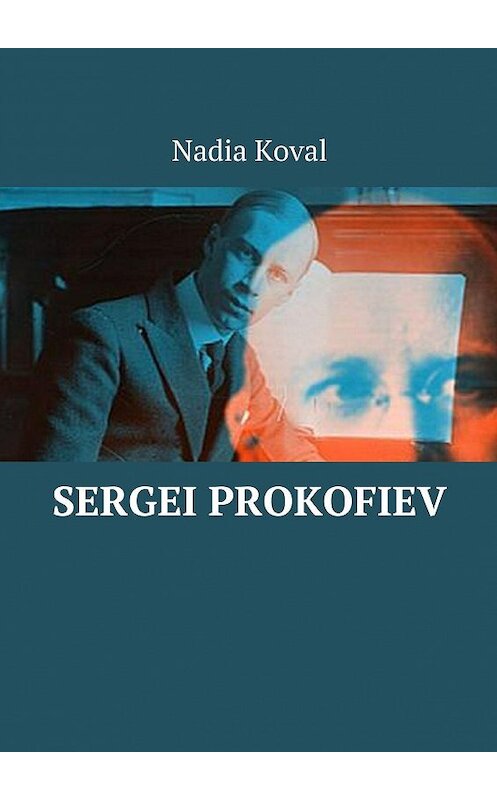 Обложка книги «Sergei Prokofiev» автора Nadia Koval. ISBN 9785448313554.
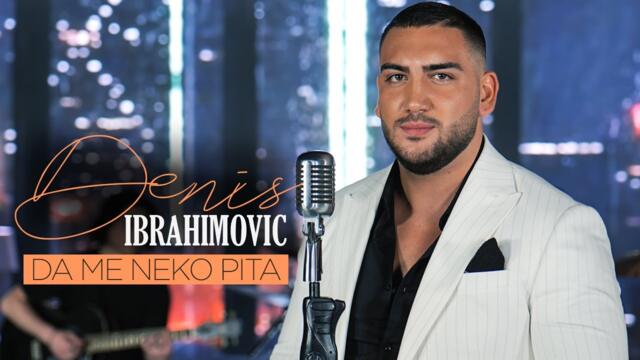 ✍️ DENIS IBRAHIMOVIC - DA ME NEKO PITA (COVER)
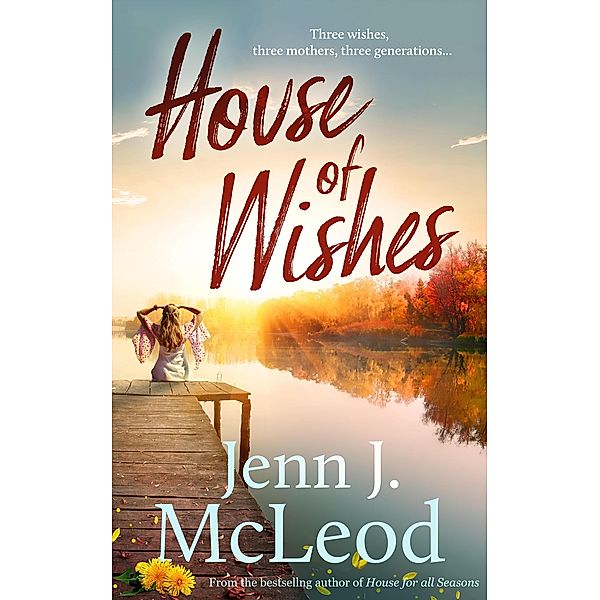 House of Wishes, Jenn J. McLeod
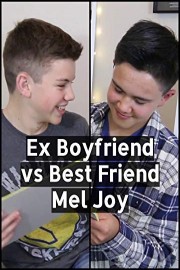 Ex Boyfriend vs Best Friend - Mel Joy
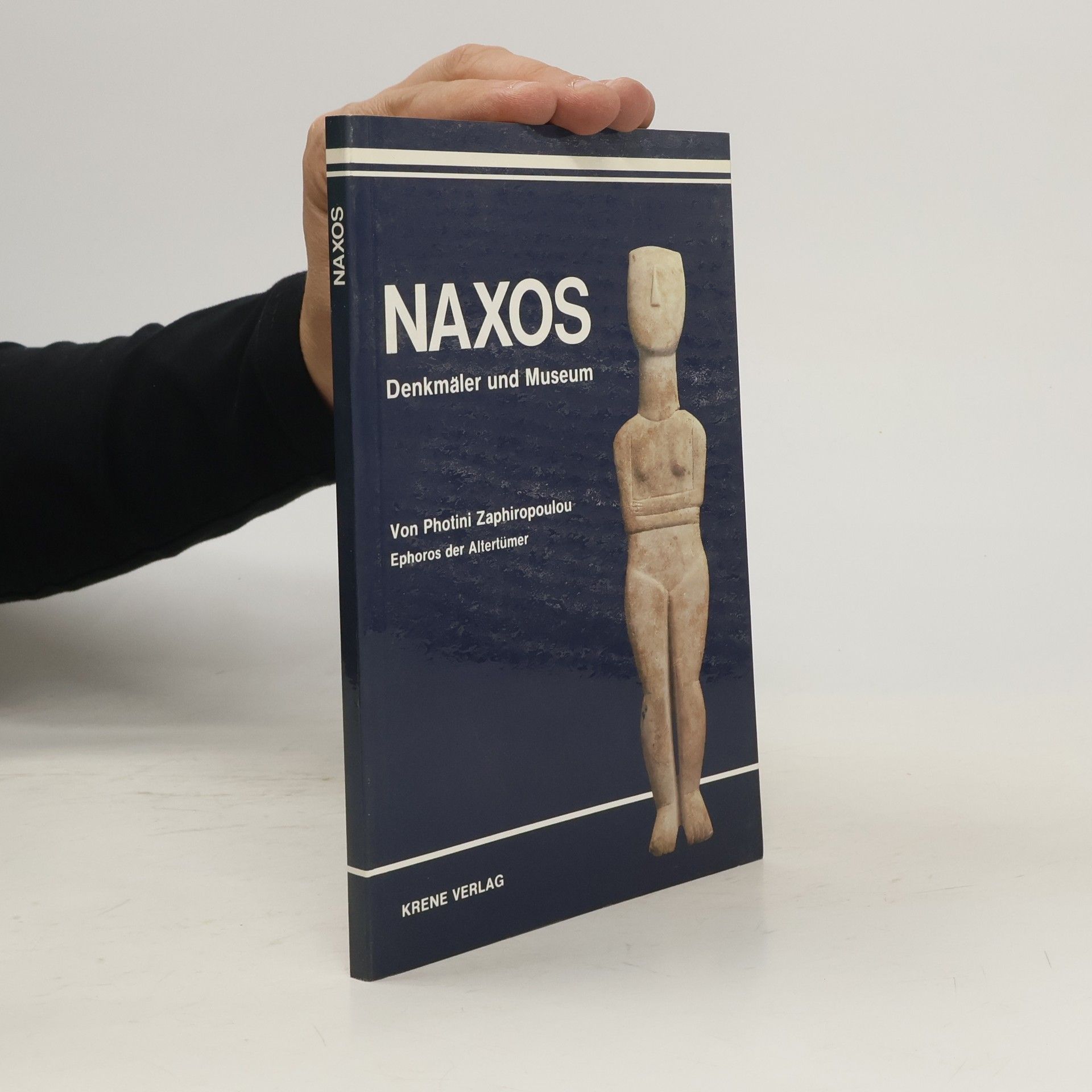 Kolektív autorov Naxos: Denkmaler und Museum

PROBLEM
Reproduce the entire listing exactly, except for any pictures it contains.

WRITTEN SOLUTION
 Обложка книги «Sergei Prokofiev» автора Nadia Koval. ISBN 9785448313554.
 ✍️ DENIS IBRAHIMOVIC - DA ME NEKO PITA (COVER)
 House of Wishes, Jenn J. McLeod
 Ex Boyfriend vs Best Friend - Mel Joy
 Kolektív autorov Naxos: Denkmaler und Museum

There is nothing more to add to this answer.